People have tried the intelligence, information semantic products which layer on top and bring valuable representation of information, but while the semantic information is a critical role, and aligns data silos, it is only as good as the data.
When discussing strategies with companies in Upstream oil and gas, Mining, Metals, Refining, Power, Water Utilities, and a common theme is the need to get data structuring/ normalization and key is validation of data.
One person commented last week “we cannot just take all the data from our existing SCADA systems/ historians and bring it to central historian due to no alignment, lack of consistent context, and data validation!”
The problem is not just about aligning data for access, the goal today is to make decisions not just about one process or plant but timely decisions across multiple sites. To achieve this it is not just about gathering existing data, as one set of engineers put it, we need to normalized data this means units and measures been aligned for one. They are putting unifying storage systems but they spend a lot of time going to the source of actual data, and then structuring and normalizing measures. Today this is being done in the control layer and supervisory layer. It is also key that the existing running systems on a plant are not disrupted, so the risk to changing these running systems in these systems is way too high. 
In one case a customer talked about 16 versions of one measure across 14 plants. This same story comes all the time, so the questions is how to achieve a result that does not threaten the existing sites, especially when the challenge today is not in a plant but across sites. These sites have been put in at different times with different systems, and often different objectives.
The key is to look at a layer that allows:
·         cross site administration/ configuration e.g. a distributed system
·         ability establish standards for asset structures / kpis / measures/ units, with the ability to centrally administer these standards and enforce governance
·         ability data collect from both real time and historical data stores
·         ability to set up in these structures validation rules that will validate the captured data to trusted before storage
·         distributed data capture and ability to store locally and aggregate providing data integrity.
The key is a 3 layer solution:
  • A data collection platform that can be phyically be distributed but centrally managed with standards governance, providing data structure, intellignece, and validation as close to the source as possible. So that different process/ plant data both realtime and historiacl can be aligned across this common namespace.

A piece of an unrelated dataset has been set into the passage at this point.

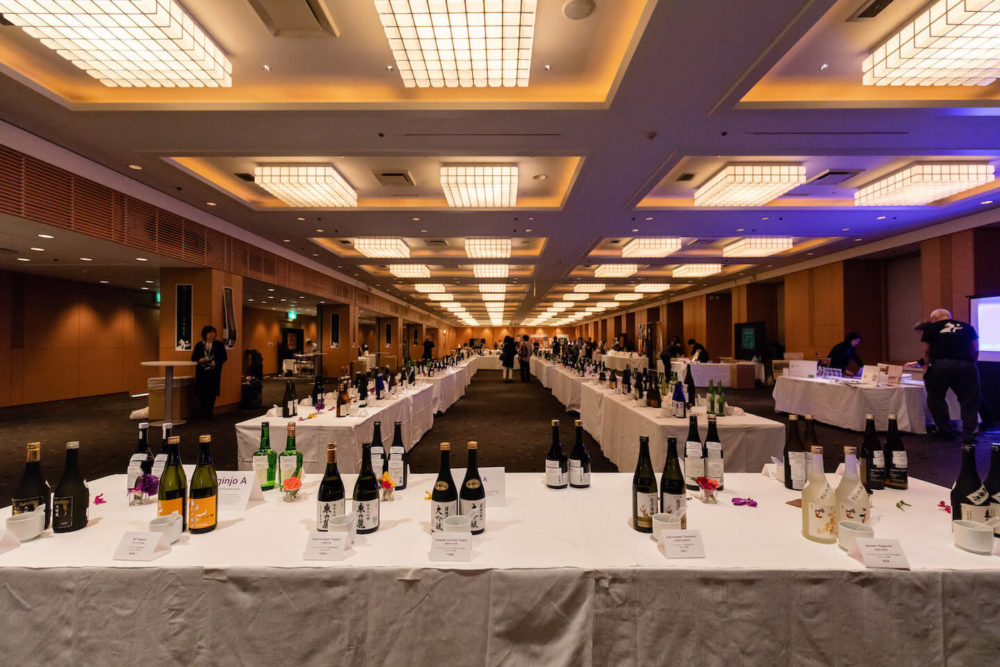 jos18tk111 A view of the ballroom from one end to the other with tables and bottle displayed before the event (2018 Tokyo)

  • A storage layer that the platform now propagates this now normalized information into one or multiple distributed storage historians, providing a consistent information storage across these different control/ automation systems.
  • A unifying information layer with a semantic capability to allow this unified storage + the operational storages from different systems to be aligned. 

These three layers enable success as a team, not any one of them, if you are looking for unified information system that can be trusted, so decisions in the now can be made.